Re: [PATCH v2 1/2] mm/page_alloc: Fix panic caused by passing debug_guardpage_minorder or kernelcore to command line

From: Michal Hocko
Date: Tue Sep 25 2018 - 01:59:15 EST


On Mon 24-09-18 14:42:17, Andrew Morton wrote:
> On Mon, 24 Sep 2018 16:24:08 +0200 Michal Hocko <mhocko@xxxxxxxxxx> wrote:
>
> > On Sat 22-09-18 22:53:32, zhe.he@xxxxxxxxxxxxx wrote:
> > > From: He Zhe <zhe.he@xxxxxxxxxxxxx>
> > >
> > > debug_guardpage_minorder_setup and cmdline_parse_kernelcore do not check
> > > input argument before using it. The argument would be a NULL pointer if
> > > "debug_guardpage_minorder" or "kernelcore", without its value, is set in
> > > command line and thus causes the following panic.
> > >
> > > PANIC: early exception 0xe3 IP 10:ffffffffa08146f1 error 0 cr2 0x0
> > > [ 0.000000] CPU: 0 PID: 0 Comm: swapper Not tainted 4.19.0-rc4-yocto-standard+ #11
> > > [ 0.000000] RIP: 0010:parse_option_str+0x11/0x90
> > > ...
> > > [ 0.000000] Call Trace:
> > > [ 0.000000] cmdline_parse_kernelcore+0x19/0x41
> > > [ 0.000000] do_early_param+0x57/0x8e
> > > [ 0.000000] parse_args+0x208/0x320
> > > [ 0.000000] ? rdinit_setup+0x30/0x30
> > > [ 0.000000] parse_early_options+0x29/0x2d
> > > [ 0.000000] ? rdinit_setup+0x30/0x30
> > > [ 0.000000] parse_early_param+0x36/0x4d
> > > [ 0.000000] setup_arch+0x336/0x99e
> > > [ 0.000000] start_kernel+0x6f/0x4ee
> > > [ 0.000000] x86_64_start_reservations+0x24/0x26
> > > [ 0.000000] x86_64_start_kernel+0x6f/0x72
> > > [ 0.000000] secondary_startup_64+0xa4/0xb0
> > >
> > > This patch adds a check to prevent the panic
> >
> > Is this something we deeply care about? The kernel command line
> > interface is to be used by admins who know what they are doing. Using
> > random or wrong values for these parameters can have detrimental effects
> > on the system. This particular case would blow up early, good. At least
> > it is visible immediately. This and many other parameters could have a
> > seemingly valid input (e.g. not a missing value) and subtle runtime
> > effect. You won't blow up immediately but the system is hardly usable
> > and the early checking cannot possible catch all those cases. Take a
> > mem=$N copied from one machine to another with a different memory
> > layout. While 2G can be perfectly fine on one a different machine might
> > result on a completely unusable system because the available RAM is
> > place higher.
> >
> > So I am really wondering. Do we really want a lot of code to catch
> > kernel command line incorrect inputs? Does it really lead to better
> > quality overall? IMHO, we do have a proper documentation and we should
> > trust those starting the kernel.
>
> No, it's not very important. It might help some people understand why
> their kernel went splat in rare circumstances. And it's __init code so
> the runtime impact is nil.
>
> It bothers me that there are many other kernel parameters which have
> the same undesirable behaviour. I'd much prefer a general fixup which
> gave all of them this treatment, but it's unclear how to do this.
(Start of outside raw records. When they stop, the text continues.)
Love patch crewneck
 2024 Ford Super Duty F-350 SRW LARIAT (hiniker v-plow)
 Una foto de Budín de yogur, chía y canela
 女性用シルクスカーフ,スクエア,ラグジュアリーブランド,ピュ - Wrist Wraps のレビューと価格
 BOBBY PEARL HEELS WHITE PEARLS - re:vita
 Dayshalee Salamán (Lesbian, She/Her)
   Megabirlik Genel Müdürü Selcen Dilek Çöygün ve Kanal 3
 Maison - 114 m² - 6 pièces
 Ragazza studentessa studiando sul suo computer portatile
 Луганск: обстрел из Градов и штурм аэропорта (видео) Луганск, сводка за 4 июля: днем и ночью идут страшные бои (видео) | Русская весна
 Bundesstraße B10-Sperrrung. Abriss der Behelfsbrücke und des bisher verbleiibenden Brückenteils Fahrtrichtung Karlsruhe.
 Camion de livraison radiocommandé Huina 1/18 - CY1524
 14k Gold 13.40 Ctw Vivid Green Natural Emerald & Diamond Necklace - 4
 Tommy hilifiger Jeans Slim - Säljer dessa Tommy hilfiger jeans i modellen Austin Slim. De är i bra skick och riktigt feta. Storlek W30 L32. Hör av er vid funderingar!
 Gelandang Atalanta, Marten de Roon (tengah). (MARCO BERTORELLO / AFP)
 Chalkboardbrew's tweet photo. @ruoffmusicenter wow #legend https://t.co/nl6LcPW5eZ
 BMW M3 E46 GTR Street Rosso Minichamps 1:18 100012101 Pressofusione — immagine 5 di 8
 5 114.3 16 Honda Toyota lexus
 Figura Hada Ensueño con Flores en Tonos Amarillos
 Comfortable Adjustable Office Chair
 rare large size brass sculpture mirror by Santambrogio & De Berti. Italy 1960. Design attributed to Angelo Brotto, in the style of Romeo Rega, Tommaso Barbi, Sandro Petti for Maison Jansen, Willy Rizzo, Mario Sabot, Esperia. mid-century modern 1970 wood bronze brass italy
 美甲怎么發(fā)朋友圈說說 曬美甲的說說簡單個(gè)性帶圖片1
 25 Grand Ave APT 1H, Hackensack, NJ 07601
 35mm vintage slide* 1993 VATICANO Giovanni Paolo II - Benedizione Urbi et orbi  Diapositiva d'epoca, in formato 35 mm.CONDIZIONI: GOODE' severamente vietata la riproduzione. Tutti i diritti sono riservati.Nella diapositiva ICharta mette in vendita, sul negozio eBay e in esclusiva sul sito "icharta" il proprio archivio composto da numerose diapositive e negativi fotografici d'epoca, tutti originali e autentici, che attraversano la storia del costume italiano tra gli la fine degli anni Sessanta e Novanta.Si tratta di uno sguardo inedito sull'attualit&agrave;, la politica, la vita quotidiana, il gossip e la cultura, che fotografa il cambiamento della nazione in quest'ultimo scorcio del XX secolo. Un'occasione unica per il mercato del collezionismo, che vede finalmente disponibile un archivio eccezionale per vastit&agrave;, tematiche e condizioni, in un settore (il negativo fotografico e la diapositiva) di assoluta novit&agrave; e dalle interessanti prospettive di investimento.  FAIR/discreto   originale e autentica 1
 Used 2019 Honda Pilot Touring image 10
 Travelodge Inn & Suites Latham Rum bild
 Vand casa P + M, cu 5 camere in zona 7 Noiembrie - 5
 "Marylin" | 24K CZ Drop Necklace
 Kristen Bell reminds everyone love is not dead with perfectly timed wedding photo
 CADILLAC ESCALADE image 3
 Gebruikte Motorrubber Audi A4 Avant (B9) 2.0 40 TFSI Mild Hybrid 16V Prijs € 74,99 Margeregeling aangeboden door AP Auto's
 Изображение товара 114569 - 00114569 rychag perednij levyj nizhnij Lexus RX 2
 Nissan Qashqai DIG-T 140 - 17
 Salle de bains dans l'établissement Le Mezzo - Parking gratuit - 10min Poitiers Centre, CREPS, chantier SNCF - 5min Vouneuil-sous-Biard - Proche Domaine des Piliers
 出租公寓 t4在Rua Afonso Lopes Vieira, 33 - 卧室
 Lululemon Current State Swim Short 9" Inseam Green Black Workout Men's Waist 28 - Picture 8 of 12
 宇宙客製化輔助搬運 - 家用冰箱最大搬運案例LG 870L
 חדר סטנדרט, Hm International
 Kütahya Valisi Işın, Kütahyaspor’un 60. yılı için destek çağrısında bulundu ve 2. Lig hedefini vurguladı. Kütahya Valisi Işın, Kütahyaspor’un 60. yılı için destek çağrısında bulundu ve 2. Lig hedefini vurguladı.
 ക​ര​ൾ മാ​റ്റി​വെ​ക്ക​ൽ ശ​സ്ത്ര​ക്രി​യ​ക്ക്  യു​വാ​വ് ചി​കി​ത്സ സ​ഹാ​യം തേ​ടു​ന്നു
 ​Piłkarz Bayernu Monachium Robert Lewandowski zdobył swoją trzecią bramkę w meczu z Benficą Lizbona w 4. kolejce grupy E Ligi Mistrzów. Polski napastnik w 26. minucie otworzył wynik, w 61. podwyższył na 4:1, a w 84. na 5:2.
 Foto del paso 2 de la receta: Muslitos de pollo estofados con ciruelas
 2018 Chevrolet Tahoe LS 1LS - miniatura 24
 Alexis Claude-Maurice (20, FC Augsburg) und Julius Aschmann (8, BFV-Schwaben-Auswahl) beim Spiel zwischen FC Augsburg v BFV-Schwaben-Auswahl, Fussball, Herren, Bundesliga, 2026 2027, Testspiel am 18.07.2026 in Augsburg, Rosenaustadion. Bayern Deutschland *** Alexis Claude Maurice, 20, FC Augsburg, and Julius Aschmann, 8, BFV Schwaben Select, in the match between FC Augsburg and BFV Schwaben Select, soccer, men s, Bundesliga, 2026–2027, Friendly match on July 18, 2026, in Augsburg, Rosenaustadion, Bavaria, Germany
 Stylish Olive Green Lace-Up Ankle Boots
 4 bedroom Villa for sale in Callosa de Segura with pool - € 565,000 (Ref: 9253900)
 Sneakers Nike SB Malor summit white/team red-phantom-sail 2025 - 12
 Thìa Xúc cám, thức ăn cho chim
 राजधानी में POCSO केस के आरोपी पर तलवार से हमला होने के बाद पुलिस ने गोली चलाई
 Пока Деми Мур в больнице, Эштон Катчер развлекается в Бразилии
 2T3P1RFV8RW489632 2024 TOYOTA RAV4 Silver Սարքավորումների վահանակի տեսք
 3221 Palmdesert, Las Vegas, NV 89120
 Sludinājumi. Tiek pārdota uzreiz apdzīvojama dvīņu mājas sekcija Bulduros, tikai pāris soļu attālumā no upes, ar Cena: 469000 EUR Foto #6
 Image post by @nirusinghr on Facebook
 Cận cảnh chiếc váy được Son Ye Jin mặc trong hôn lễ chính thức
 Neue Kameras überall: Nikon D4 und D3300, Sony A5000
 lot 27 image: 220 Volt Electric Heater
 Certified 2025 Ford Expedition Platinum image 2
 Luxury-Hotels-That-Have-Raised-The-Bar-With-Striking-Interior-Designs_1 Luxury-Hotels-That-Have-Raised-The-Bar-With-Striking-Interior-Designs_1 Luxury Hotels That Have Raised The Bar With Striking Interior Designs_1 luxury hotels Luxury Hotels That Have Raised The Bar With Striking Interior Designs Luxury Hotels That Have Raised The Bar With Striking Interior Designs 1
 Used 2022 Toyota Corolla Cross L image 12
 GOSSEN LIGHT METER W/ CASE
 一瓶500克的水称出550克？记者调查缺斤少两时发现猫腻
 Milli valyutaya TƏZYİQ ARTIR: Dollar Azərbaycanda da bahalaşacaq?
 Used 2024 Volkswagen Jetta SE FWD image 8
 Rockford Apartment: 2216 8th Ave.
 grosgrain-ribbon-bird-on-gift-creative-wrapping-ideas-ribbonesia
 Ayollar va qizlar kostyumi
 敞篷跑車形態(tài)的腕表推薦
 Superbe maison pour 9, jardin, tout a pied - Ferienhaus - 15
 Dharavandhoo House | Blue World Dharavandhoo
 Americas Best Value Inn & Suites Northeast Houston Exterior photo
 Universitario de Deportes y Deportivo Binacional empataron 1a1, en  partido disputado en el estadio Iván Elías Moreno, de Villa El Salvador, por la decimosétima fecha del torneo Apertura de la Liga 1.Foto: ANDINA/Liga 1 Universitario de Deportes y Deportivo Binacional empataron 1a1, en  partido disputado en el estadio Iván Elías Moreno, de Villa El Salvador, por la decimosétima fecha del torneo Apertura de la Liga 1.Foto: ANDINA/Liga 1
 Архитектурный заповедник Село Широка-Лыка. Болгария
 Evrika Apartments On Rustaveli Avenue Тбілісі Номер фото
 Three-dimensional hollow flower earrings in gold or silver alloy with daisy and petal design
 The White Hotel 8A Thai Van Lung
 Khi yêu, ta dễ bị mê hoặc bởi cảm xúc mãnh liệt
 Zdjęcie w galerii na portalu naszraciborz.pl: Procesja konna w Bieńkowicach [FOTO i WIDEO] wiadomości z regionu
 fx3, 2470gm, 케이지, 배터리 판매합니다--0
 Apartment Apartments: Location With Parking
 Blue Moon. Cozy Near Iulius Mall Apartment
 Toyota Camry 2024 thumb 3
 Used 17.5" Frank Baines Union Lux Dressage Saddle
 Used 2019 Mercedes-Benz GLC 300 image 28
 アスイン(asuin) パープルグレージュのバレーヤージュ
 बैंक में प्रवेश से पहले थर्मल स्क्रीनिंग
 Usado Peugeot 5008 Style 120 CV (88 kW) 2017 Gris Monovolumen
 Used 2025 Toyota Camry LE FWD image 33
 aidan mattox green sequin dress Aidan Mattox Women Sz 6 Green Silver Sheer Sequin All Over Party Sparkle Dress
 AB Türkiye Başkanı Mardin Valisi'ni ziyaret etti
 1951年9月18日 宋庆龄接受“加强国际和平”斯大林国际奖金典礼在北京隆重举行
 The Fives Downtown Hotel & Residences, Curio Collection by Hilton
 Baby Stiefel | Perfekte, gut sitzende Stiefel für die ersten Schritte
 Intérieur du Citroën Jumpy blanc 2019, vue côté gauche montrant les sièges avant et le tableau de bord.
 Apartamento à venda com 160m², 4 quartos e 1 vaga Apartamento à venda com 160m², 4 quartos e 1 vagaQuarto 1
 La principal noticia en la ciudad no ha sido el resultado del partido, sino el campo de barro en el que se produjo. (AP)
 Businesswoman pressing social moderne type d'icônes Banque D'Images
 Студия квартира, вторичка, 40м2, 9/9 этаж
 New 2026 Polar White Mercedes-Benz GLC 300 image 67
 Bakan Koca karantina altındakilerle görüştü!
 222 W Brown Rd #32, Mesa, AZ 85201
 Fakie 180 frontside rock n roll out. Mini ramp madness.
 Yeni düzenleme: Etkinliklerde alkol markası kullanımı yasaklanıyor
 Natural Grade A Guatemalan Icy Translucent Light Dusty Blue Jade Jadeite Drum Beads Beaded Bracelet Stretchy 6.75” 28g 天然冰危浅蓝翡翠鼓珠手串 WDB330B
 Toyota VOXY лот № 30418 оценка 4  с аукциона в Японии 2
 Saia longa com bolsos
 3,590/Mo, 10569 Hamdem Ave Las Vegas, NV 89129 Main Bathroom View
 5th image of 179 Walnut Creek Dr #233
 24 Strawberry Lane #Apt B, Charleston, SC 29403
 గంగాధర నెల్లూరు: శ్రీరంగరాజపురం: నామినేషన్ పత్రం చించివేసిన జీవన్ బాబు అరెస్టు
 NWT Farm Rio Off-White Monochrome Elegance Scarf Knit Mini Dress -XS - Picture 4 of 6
If early_param took an additional argument to tell "this really requires
a parameter" then we could do it in the common code.

$ git grep "early_param(\"" | wc -l
251

quite a lot of work for something that hasn't been a problem for years I
guess. But maybe this would allow to remove ad-hoc checks in handlers
and reduce the overal code size (in LOC) in the end.
--
Michal Hocko
SUSE Labs